A plaintiff's choice to litigate his case in the Galveston Division of the *1012 Southern District is normally given great deference. See Peteet, 868 F.2d at 1436; Carlile v. Continental Airlines, Inc., 953 F. Supp. 169, 171 (S.D.Tex.1997) (Kent, J.); see also United Sonics, Inc. v. Shock, 661 F. Supp. 681, 683 (W.D.Tex.1986) (asserting that plaintiff's choice of forum is "most influential and should rarely be disturbed unless the balance is strongly in defendant's favor"). Of course, close scrutiny is given to Plaintiff's choice of forum when the Plaintiff does not live in the Southern District. See, e.g., Dupre, 810 F. Supp. at 828 (explaining that while it is the "Court's consistent practice to honor a plaintiff's choice of forum where factually justified" the Court is also "loathe to respect those choices that appear to be blatant attempts at forum shopping with little or no factual justification."). Although Plaintiff did not live within the Galveston Division at the time of his alleged injury, he was injured in waters near Galveston. Consequently, it does not appear to the Court that Plaintiff is engaged in blatant forum shopping.

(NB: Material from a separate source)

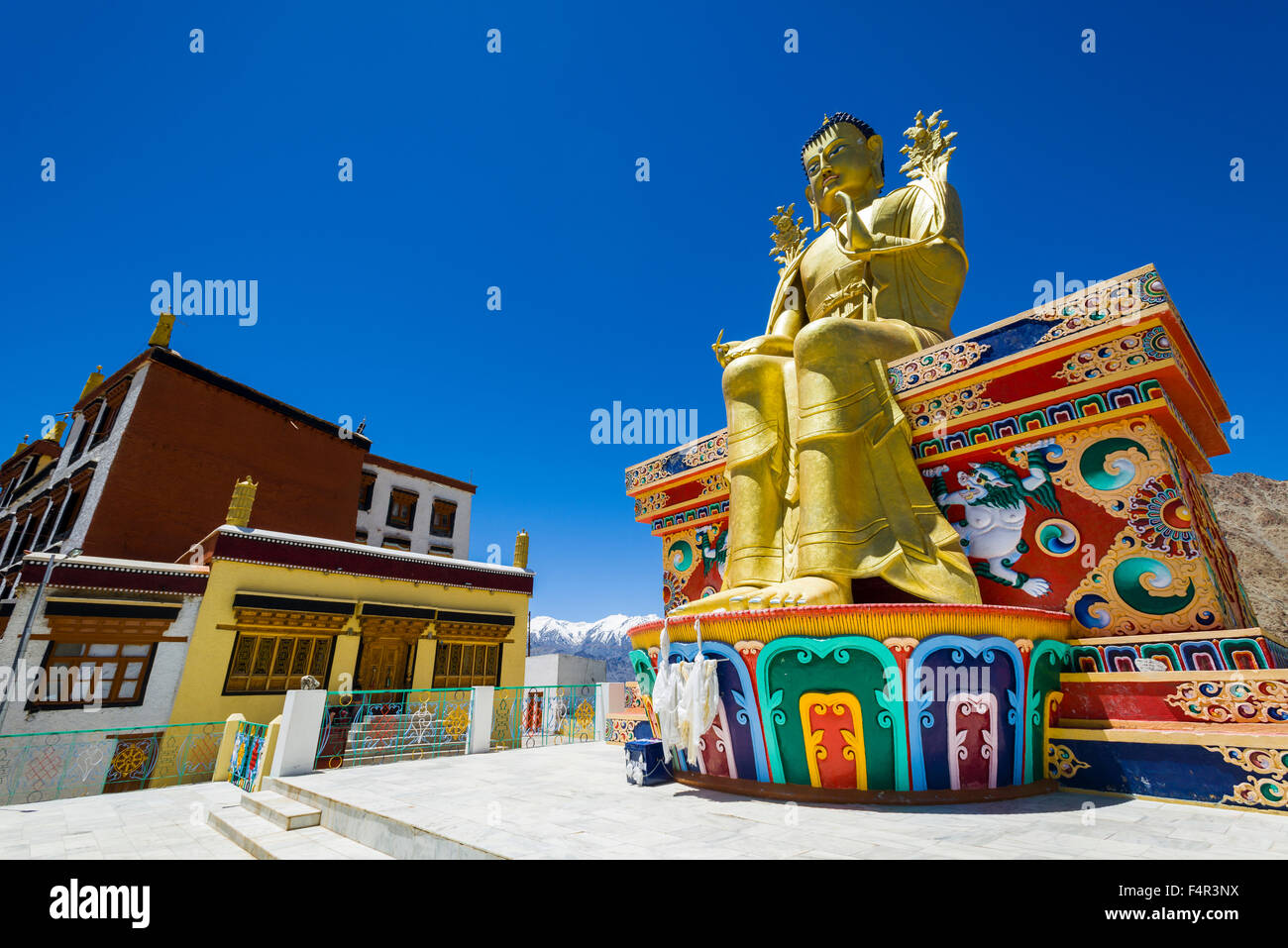 Eine riesige Statue des Maitreya, der zukünftige Buddha, errichtet in likir Gompa, ein Kloster auf einem Hügel in kargen Landschaft gelegen Stockfoto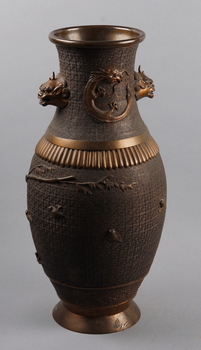 152939. GOLVURNA, metall. Orientalisk.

A transfer of venue to the Victoria also may well result in Plaintiff losing the benefit of this Court's expeditious and cost-efficient manner of handling cases, including this Court's shorter trial track, which is well below the average of other courts in the area. See id. at 827 (noting that a prompt trial "is not without relevance to the convenience of parties and witnesses and the interest of justice"). The Court has much experience with these types of cases, handling literally hundreds of such cases in an expeditious manner in the past. The fact that Plaintiff will suffer no delays in having his claim adjudicated in this forum militates against a transfer to Victoria.

 
II. CONCLUSION

The Court concludes that venue is proper is the Galveston Division. Thus, Defendant's Motion to Dismiss for Improper Venue is DENIED. In addition, after careful consideration of the relevant factors in light of the facts in this case, the Court concludes that Defendants have failed to carry their burden of demonstrating that a transfer is necessary to serve the interests of justice or the convenience of the witnesses and parties. Thus the Court declines to disturb the forum chosen by Plaintiff and introduce the likelihood of delay inherent in any transfer simply to avoid the insignificant inconvenience that Defendants may suffer by litigating this matter in Galveston rather than Victoria. The Court realizes that Plaintiff is not a resident of the Galveston District, but for whatever reason, he has chosen to file his suit here and the Court finds, given the totality of the circumstances, including the fact that the accident occurred off the coast of Galveston, no factors outweigh this choice. Thus Defendants' Motion to Transfer Venue is hereby DENIED.

IT IS SO ORDERED.

NOTES

[1] Under the Jones Act, venue is proper "in the district in which the defendant employer resides or in which his principal office is located." 46 U.S.C.App. § 688 (emphasis added); see also Barrineau v. Sub Sea Int'l, Inc., 940 F. Supp. 153, 154 (E.D.Tex.1996); Bailiff v. Storm Drilling Co., 356 F. Supp. 309, 311 (E.D.Tex.1972) (noting that "jurisdiction" as used in the Jones Act provision means "venue"). Because Defendant's employer in this case resides in the Southern District of Texas, venue is proper in both Galveston and Victoria under the Jones Act. The venue provisions of the Jones Act, however, do not apply to cases brought on the admiralty side of federal court. See e.g., Trehern v. OMI Corp., 1999 WL 47303, * 4 n. 2 (S.D.N.Y. February 1, 1999).